En las redes sociales, los infamadores, ‘hábiles’ al no atreverse a imputar las ofensas o agravios de forma directa, se dan modos para fabricar, tejer, acomodar y luego publicar lo que no se atreven a decir.

El mágico ocultamiento tras el anonimato de las redes sociales otorga un poder mítico al calumniador, y pretende que sus aseveraciones sean consideradas ‘sagradas’; quienes no comparten sus ‘argumentos’ son vejados y bloqueados.

Estos comportamientos son considerados por la doctrina penal como calumnia oblicua o indirecta y sí están sancionados por el Código Orgánico Integral Penal. Todo calumniador, calumnia a sabiendas, pero en ocasiones lo hace sesgadamente. Esa conducta -injuria oblicua- es más peligrosa por revelar una monumental cobardía. El agresor, pensando en la impunidad, no se atreve a decir las ofensas en la cara o revelar la real intención de sus palabras.

Los infamadores ‘hábiles’, por ejemplo, difunden maliciosamente un hecho falso como si fuera cierto y al final agregan un inocente mensaje: “solo comparto con ustedes para que no se difame”, y hasta lo cierran con una expresión tan trillada como hipócrita: ¡Bendiciones!

Los infamadores ‘hábiles’ buscan cobardemente la impunidad ante la ofensa dejando una puerta abierta que otorga un sentido ‘recto y justo’ al descrédito y la deshonra generados por su mensaje.

La calumnia, como delito, y las expresiones de descrédito o deshonra, como contravenciones, se consideran conductas prohibidas por el Código Orgánico Integral Penal. El honor de las personas tiene protección constitucional. En las redes sociales se viola minuto a minuto el principio constitucional de inocencia de las personas agredidas.

Al ingeniero Jorge Glas Espinel, en las redes sociales, le acusan de corrupción. En su contra, no hay denuncias sustentadas. En internet hay un montón de denuncias sin pruebas. Los maliciosos denunciantes advierten que judicializarán todo cuando exista una justicia independiente -léase justicia controlada por ellos-, imparcial y que garantice la igualdad ante la ley.
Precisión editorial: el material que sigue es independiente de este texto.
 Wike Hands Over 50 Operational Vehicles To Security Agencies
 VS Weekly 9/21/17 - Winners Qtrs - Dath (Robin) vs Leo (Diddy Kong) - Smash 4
El presidente de la República, Rafael Correa Delgado, confía en la honestidad y conducta sin la más mínima contradicción del ingeniero Jorge Glas Espinel. Sintonizados con el respaldo presidencial, más de dos millones quinientos mil ecuatorianos en las urnas -en primera vuelta electoral- le dieron un voto de confianza a Jorge Glas Espinel, vicepresidente constitucional de la República.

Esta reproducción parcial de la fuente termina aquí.